Auch die Notschlafstellen der Caritas sind ein Schwerpunkt der Kampagne. „Frauen, die von Wohnungslosigkeit betroffen sind, nehmen häufig viel auf sich, um nicht auf der Straße leben zu müssen. Sie meiden aus Scham und Stigma Einrichtungen wie unsere“, erklärte die Leiterin der Notschlafstelle Feldkirch, Alexandra Achatz und fügte hinzu: “Sie kommen bei Bekannten unter, ertragen häusliche Gewalt und geraten in Abhängigkeitsbeziehungen.” Im vergangenen Jahr bot die Notschlafstelle 195 Menschen vorübergehend Unterkunft und verzeichnete insgesamt 1536 Nächtigungen. Mit 27 Frauen bleibt der Anteil weiblicher Gäste jedoch gering.

Maßnahmen im Fokus
Zur Bekämpfung der Frauenarmut und deren Auswirkungen auf Kinder stellte Walter Schmolly vier zentrale Maßnahmen vor: die Stärkung sozialer Unterstützungsleistungen, das Schließen des Gender-Care-Gaps, die Erhöhung der Ausgleichszulage und die Förderung der Chancengerechtigkeit für Kinder.
Laut der Caritas muss das Ziel der Regierungen auf Bundes- und Landesebene sein, Armut in der Gesellschaft und damit insbesondere auch Frauen- und Kinderarmut zu vermeiden. „Längerfristig ist ein solcher Sozialstaat eine wichtige Investition in die Zukunftsfähigkeit einer Gesellschaft”, ist Walter Schmolly überzeugt und fordert, dass der Budgetdruck nicht zu Einsparungen zulasten sozialer Aufgaben führen darf.
Des Weiteren wird der Gender-Care-Gap adressiert, der durch die überproportionale Übernahme unbezahlter Pflege- und Betreuungsarbeit durch Frauen entsteht und diese finanziell benachteiligt. Im Schnitt verdienen Frauen in Vorarlberg 23,4 Prozent weniger als Männer – der Gehaltsunterschied entsteht oft mit dem ersten Kind, wenn Frauen deutlich mehr Care-Arbeit übernehmen. Zwischen 25 und 39 leisten Frauen doppelt so viel unbezahlte Care-Arbeit, was langfristig zu verwehrten beruflichen Chancen, niedrigen Pensionen und einer hohen Armutsgefährdung führt.
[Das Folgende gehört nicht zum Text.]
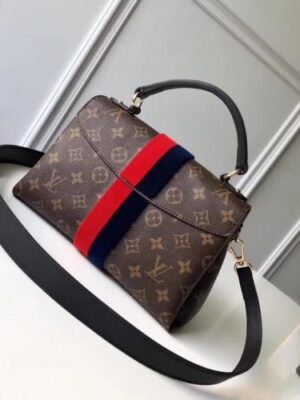 Louis Vuitton Replica Georges BB Handbag M43866 Monogram Canvas 2018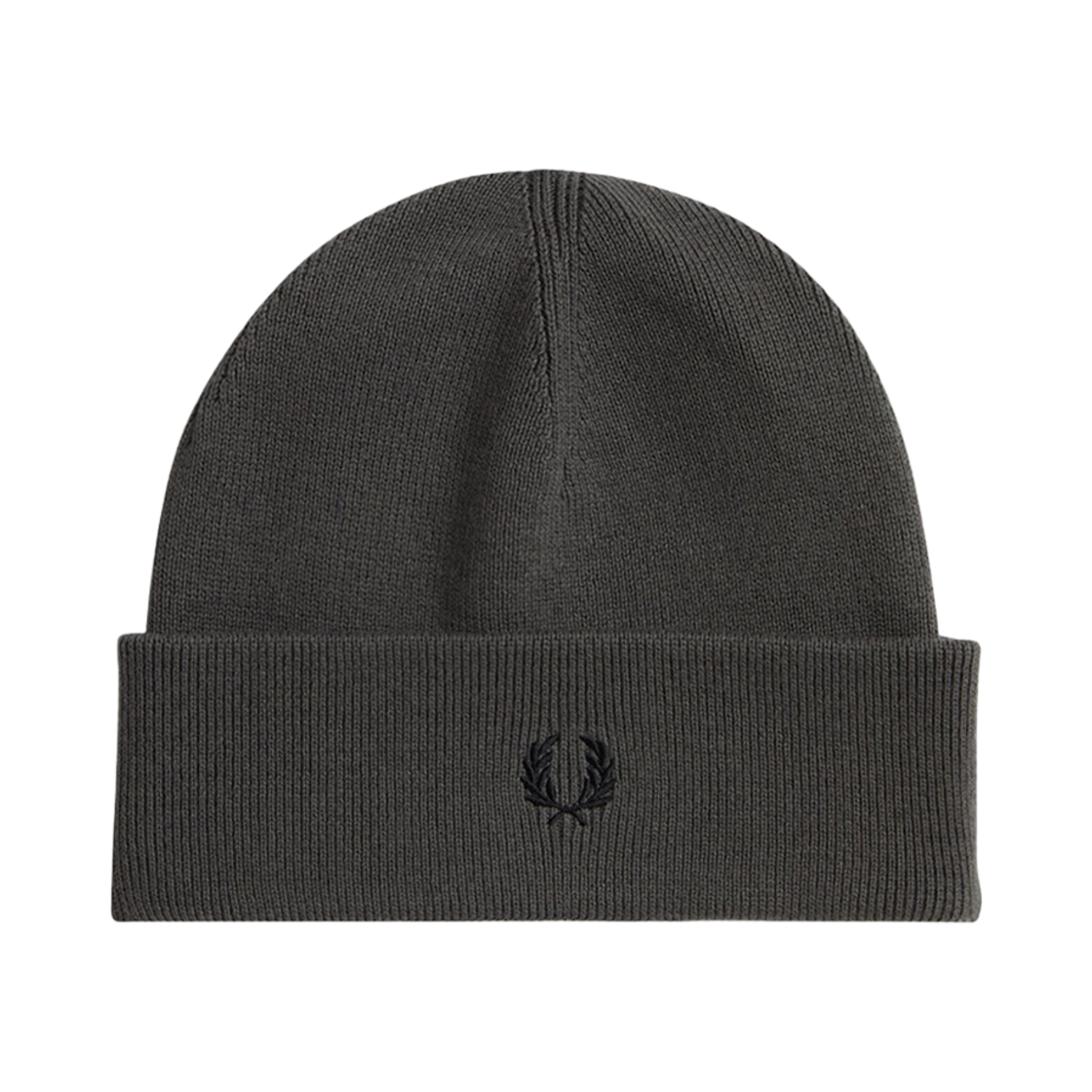 CFPU2438161-T18 Fred Perry Classic Beanie Field Green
Eine weitere wesentliche Maßnahme wäre die Anhebung der Ausgleichszulage. Diese liegt laut der Caritas mit aktuell 1421 Euro monatlich um 151 Euro unter der Armutsgefährdungsschwelle. Eine Erhöhung würde den Mindestpensionistinnen und allen Bezieherinnen von Sozialleistungen, die an die Ausgleichszulage gekoppelt sind, zugutekommen. Zusätzlich sollten die Anstrengungen in Bildungsinitiativen wie beispielsweise den Lerncafés, die darauf abzielen, Kindern aus sozial benachteiligten Verhältnissen bessere Zukunftschancen zu ermöglichen, verstärkt werden.

Zahlen stark gestiegen
In den ersten drei Quartalen dieses Jahres stieg die Zahl der Menschen, die über die Caritas-Beratungsstellen Unterstützung erhalten haben, im Vergleich zum Vorjahr, um 17 Prozent auf insgesamt 5.986 Personen. Besonders alarmierend ist der Anstieg bei den betroffenen Kindern: Mittlerweile sind 2.279 Kinder auf Unterstützung angewiesen, eine Erhöhung um 25 Prozent. Somit sind 38 Prozent der Klienten der Caritas-Beratungsstellen für “Existenz&Wohnen” minderjährig. Auch alleinerziehende Haushalte sind überproportional betroffen. 35 Prozent der Familien mit Kindern, die in den Beratungsstellen Hilfe bekommen, bestehen aus alleinerziehenden Elternteilen – zum weit überwiegenden Teil Frauen.